The Obama administration responded to this ruthless and criminal strategy by soliciting Moscow’s terms for a truce. Early on Friday in Munich, it weakly agreed to a bad deal that will allow the Russian-Iranian-Assad forces to consolidate and expand on their gains, and to occupy a commanding position in any negotiation about Syria’s future. Hours later, Russian planes were bombing again.

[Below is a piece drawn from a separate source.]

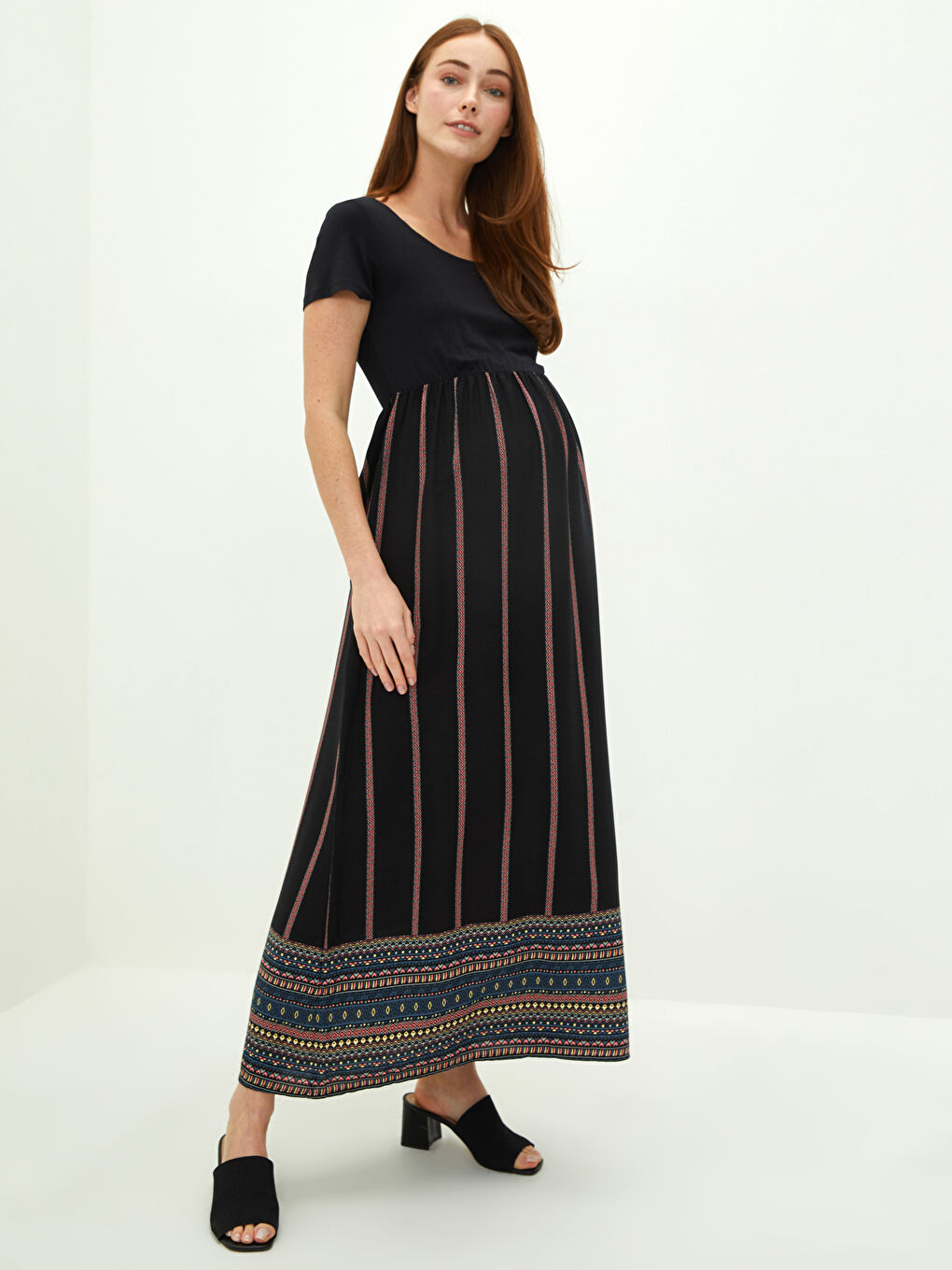 فستان حوامل مطبوع بياقة مربعة وكم قصير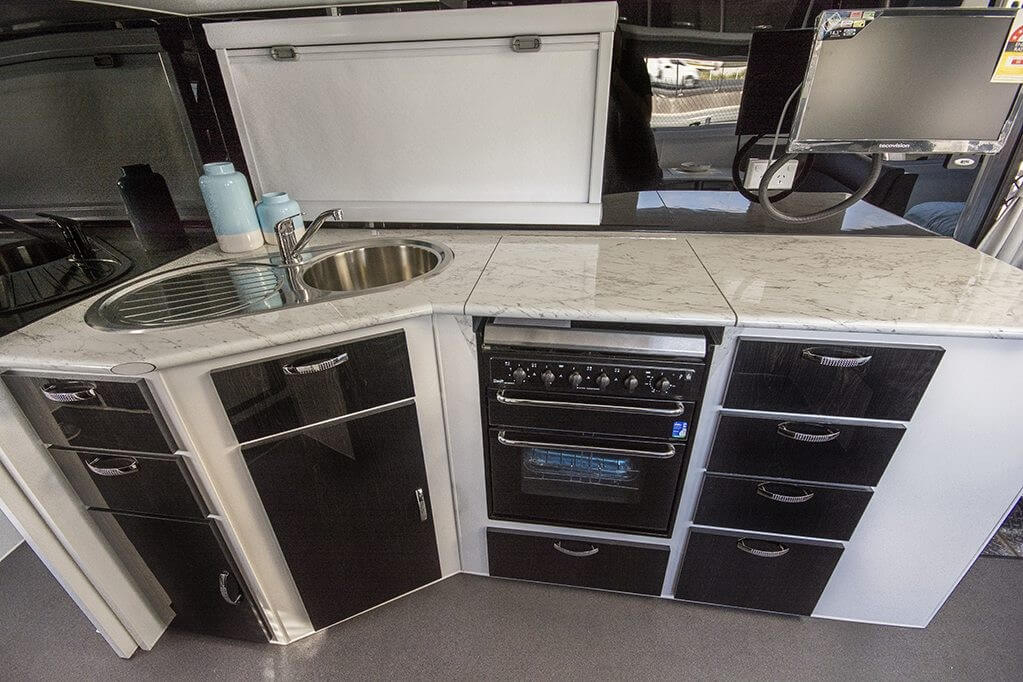 2024 Blue Sky Radiance 23ft6 Larger Ensuite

The salient feature of the agreement struck by Secretary of State John F. Kerry is a partial cessation of hostilities — a week from now. That will allow Russian planes to continue an aerial campaign that, as documented by human rights groups, has included dropping cluster munitions on civilian areas. It could allow Shiite fighters from Lebanon and elsewhere, commanded by Iran, to cut off the last supply route to the half of Aleppo held by U.S.-supplied rebel forces. That would put Moscow and its allies closer to their principal goal — which is to eliminate any forces in Syria other than the Assad regime and the Islamic State. If they don’t succeed in a week, Russia has given itself leave to continue bombing “terrorist” groups, which it defines as including the rebels in Aleppo.
For the West, the reward of accepting all this is the promised opening of humanitarian access to civilian areas subjected to a “surrender or starve” siege strategy, such as the town of Madaya, where some 20,000 civilians are trying to survive by eating grass and insects, and children are dying of starvation. U.N. officials say they hope blockades will be lifted and aid delivered by early next week; but this is not the first or second time such promises have been made. As Mr. Kerry put it, “what we have here are words on paper. What we need to see in the next few days are actions on the ground.”
Vladimir Putin’s record does not suggest such actions will be extend beyond the token. In Syria, the Russian ruler has pursued the same tactics he adopted in Ukraine: gain a decisive military advantage, then offer lopsided terms for a cease-fire. After winning far-reaching political concessions in Ukraine, Mr. Putin never respected the cease-fire or subsequent security measures his envoys agreed to; fighting continues to this day. In Syria, he has less reason to keep his word, as no Western sanctions, nor any other tangible measures, penalize his intervention there.
Mr. Kerry continues to suppose that sheer jawboning will eventually persuade Mr. Putin to abandon the Assad regime and agree to a political settlement that ousts the Assad clique and empowers Syria’s Sunni majority. In the real world, the best-case scenario after five years of U.S. inaction is a partial peace that leaves Syria partitioned into zones controlled by the regime and the Islamic State, with a few opposition and Kurdish enclaves squeezed in. Even that would require the Obama administration to aggressively step up its military support for rebel groups, and confront Russia with more than rhetoric. There was no hint of such U.S. resolve in Munich.